“Reflections on the Use of Anti-Suit Injunctions in International Arbitration” in Pervasive Problems in International Arbitration (Kluwer, 2006, Loukas A. Mistelis and Julian D.M. Lew eds.), p. 201.
Traditionally, anti-suit injunctions, a well-known device in common law systems, are issued upon the request of a party that the other party be enjoined from initiating or from proceeding with a legal action in a different jurisdiction. Courts in civil law countries are increasingly willing, in certain circumstances, to enjoin a party to suspend or terminate an action brought in another country. These measures are commonly requested to preclude parasite litigation of a dispute before a different court, whether because the first court seized has issued a ruling or because its decision is pending. Violations of such injunctions may result in heavy penalties connected to the notion of contempt of court. The court that retains its jurisdiction or anticipates that it will do so thus seeks to protect its jurisdiction or, more generally, the jurisdiction of the forum it deems to be the most appropriate.

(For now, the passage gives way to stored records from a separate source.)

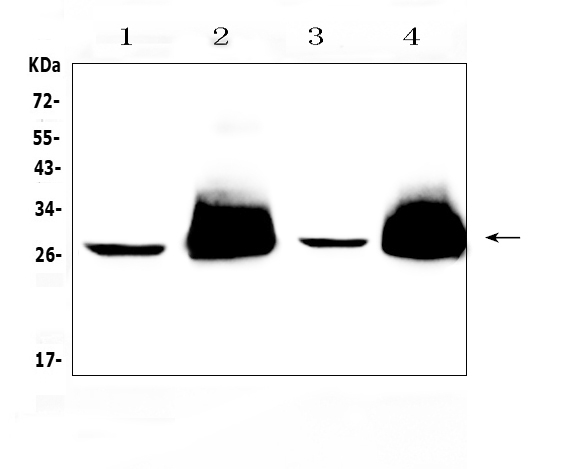 THY1 / CD90 Antibody - Western blot analysis of CD90/Thy1 using anti-CD90/Thy1 antibody. Electrophoresis was performed on a 5-20% SDS-PAGE gel at 70V (Stacking gel) / 90V (Resolving gel) for 2-3 hours. The sample well of each lane was loaded with 50ug of sample under reducing conditions. Lane 1: mouse brain tissue lysates, Lane 2: mouse thymus tissue lysates, Lane 3: mouse lung tissue lysates, Lane 4: rat thymus tissue lysates. After Electrophoresis, proteins were transferred to a Nitrocellulose membrane at 150mA for 50-90 minutes. Blocked the membrane with 5% Non-fat Milk/ TBS for 1.5 hour at RT. The membrane was incubated with rabbit anti-CD90/Thy1 antigen affinity purified polyclonal antibody at 0.5 µg/mL overnight at 4°C, then washed with TBS-0.1% Tween 3 times with 5 minutes each and probed with a goat anti-rabbit IgG-HRP secondary antibody at a dilution of 1:10000 for 1.5 hour at RT. The signal is developed using an Enhanced Chemiluminescent detection (ECL) kit with Tanon 5200 system. A specific band was detected for CD90/Thy1 at approximately 26KD. The expected band size for CD90/Thy1 is at 18KD.
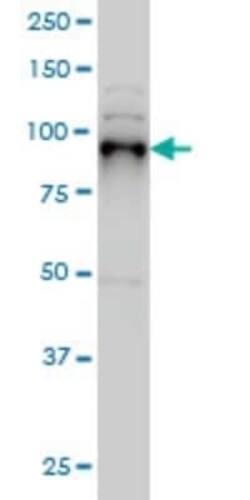 SIX4 Antibody (5E1), Novus Biologicals 0.1 mg | Buy Online | Novus Biologicals | Fisher Scientific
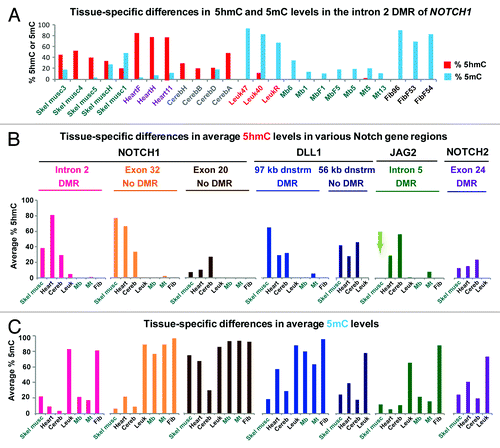 Figure 5. Quantification of 5hmC and 5mC at assayed CCGG sites in myogenic hypomethylated regions by enzymatic assay. (A) The percentages of 5hmC and 5mC for the assayed site in intron 2 of NOTCH1 in each tested sample and (B) and (C), average percentages of 5hmC and 5mC for each group of samples at the indicated subregions, determined as described in Methods. DMR, refers to a region of significant differential methylation between the set of Mb and Mt vs. nonmuscle cell cultures or skeletal muscle tissue vs. nonmuscle tissue. For the JAG2 site, the light green arrow in panel b denotes the lack of appreciable 5hmC at the assayed site in skeletal muscle in contrast to its abundance in heart and cerebellum; note the high levels of 5hmC for all three of these tissues at NOTCH1 intron 2 and exon32 sites and the DLL1 sites. The exact sites studied are given in Table S2 and their relative positions are illustrated in Figures 1D, 3F, 4F and Figure S3A.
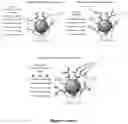 Fig. 03 - Methods for assaying cellular binding interactions
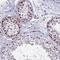 Regulator Of G Protein Signaling 17 antibody, NBP1-80839, Novus Biologicals, Immunohistochemistry frozen image 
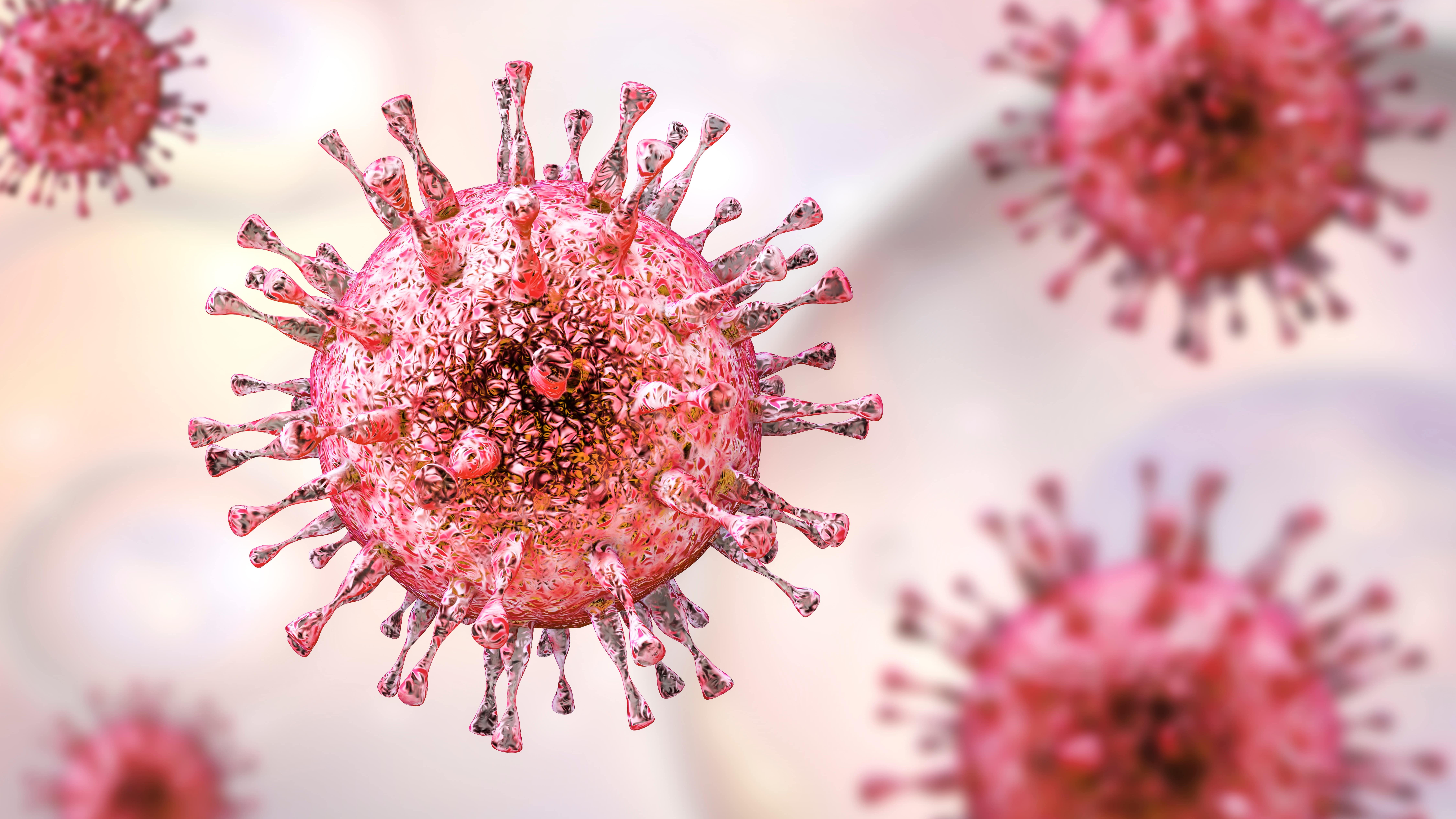 vetendaslarin-nezerine-son-gunler-yayilan-virus-koronavirusun-yeni-novudur-video-1751623592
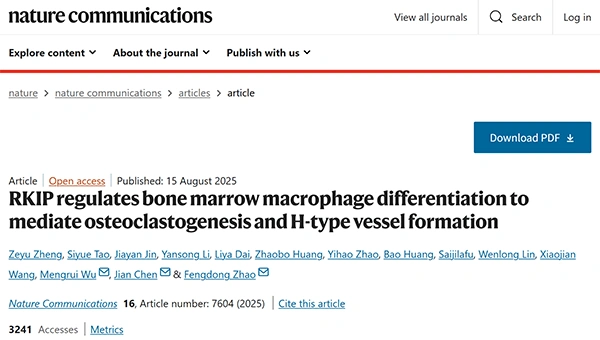 RKIP regulates bone marrow macrophage differentiation to mediate osteoclastogenesis and H-type vessel formation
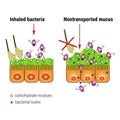 Bacterial interaction with respiratory mucus, medical illustration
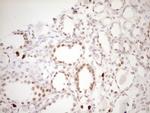 TFPI Antibody in Immunohistochemistry (Paraffin) (IHC (P))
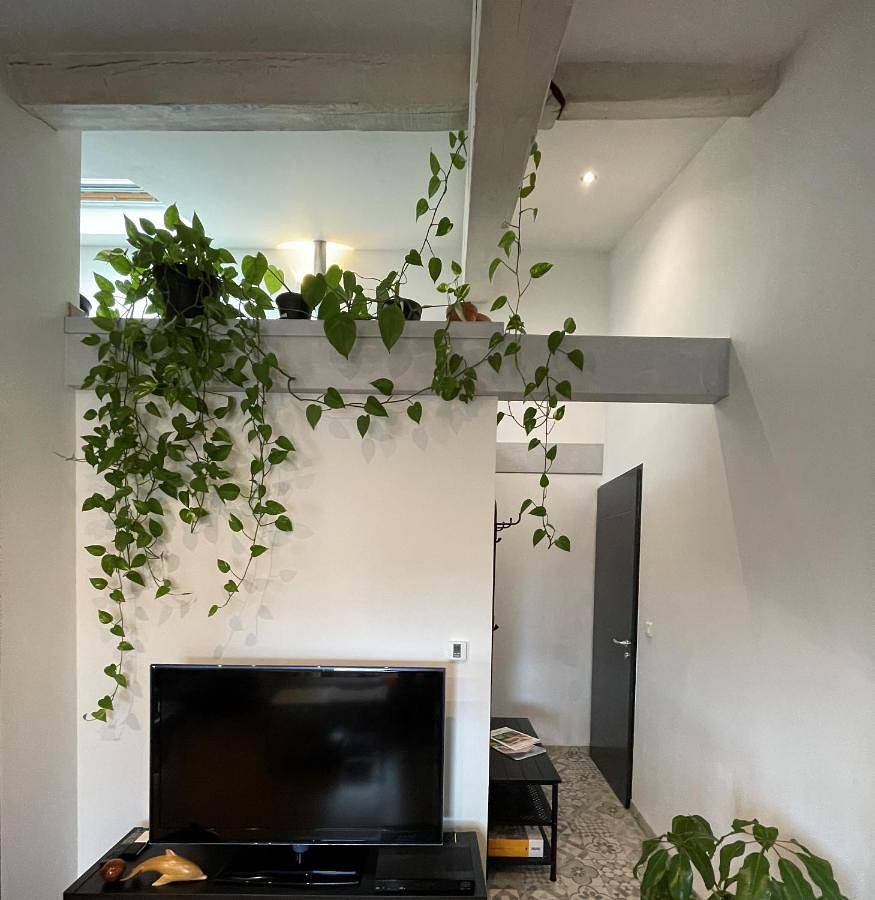 Appartement entier, T2 de 40 m2 - facile d’accès, lumineux et au calme in Saint-Genest-Lerpt, Loire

The introduction of anti-suit injunctions into international arbitration is a recent trend. Directed at arbitral proceedings or at court proceedings surrounding an international arbitration, they vary in their form and are requested either in an attempt to disrupt the arbitral process or, to the contrary, to try to protect it. It is however anti-suit injunctions aimed at preventing an arbitral tribunal from hearing a claim or obstructing the enforcement of an arbitral award that have seen the most spectacular development in recent years, prompting a debate on the adequacy of anti-suit injunctions in international arbitration.